__Brief__: Among the entries that follow, find every line with the word "hand" and list it.

::::::::

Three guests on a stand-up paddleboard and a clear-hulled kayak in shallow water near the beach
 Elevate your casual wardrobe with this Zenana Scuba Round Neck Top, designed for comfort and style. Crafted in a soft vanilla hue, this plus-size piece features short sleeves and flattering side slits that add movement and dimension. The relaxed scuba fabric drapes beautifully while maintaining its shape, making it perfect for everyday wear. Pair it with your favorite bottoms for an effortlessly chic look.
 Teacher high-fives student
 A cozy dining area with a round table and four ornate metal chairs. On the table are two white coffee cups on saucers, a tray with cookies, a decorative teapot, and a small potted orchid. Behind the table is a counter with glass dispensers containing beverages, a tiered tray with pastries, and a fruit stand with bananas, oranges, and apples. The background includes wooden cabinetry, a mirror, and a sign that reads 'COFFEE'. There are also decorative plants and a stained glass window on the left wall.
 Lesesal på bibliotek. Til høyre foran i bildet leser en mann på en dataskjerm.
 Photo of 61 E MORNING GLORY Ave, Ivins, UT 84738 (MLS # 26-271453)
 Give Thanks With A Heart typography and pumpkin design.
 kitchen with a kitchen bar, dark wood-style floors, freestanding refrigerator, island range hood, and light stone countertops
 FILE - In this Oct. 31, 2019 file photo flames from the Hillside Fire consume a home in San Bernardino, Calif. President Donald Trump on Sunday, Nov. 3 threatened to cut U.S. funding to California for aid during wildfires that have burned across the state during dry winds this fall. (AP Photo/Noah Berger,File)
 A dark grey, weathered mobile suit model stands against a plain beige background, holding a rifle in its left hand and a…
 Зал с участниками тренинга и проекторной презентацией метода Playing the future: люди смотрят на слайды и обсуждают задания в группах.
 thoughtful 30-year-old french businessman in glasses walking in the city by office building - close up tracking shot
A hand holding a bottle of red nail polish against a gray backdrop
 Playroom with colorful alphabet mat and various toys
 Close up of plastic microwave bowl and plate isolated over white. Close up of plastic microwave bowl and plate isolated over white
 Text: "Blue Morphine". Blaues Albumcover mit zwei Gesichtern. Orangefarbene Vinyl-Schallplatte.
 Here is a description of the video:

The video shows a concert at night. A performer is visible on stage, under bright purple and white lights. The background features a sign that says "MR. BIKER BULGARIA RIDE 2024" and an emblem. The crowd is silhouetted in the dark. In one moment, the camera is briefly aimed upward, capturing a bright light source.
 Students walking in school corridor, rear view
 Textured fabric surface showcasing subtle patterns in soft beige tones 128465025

::::::::

__Response to this exercise__:
 A dark grey, weathered mobile suit model stands against a plain beige background, holding a rifle in its left hand and a…
A hand holding a bottle of red nail polish against a gray backdrop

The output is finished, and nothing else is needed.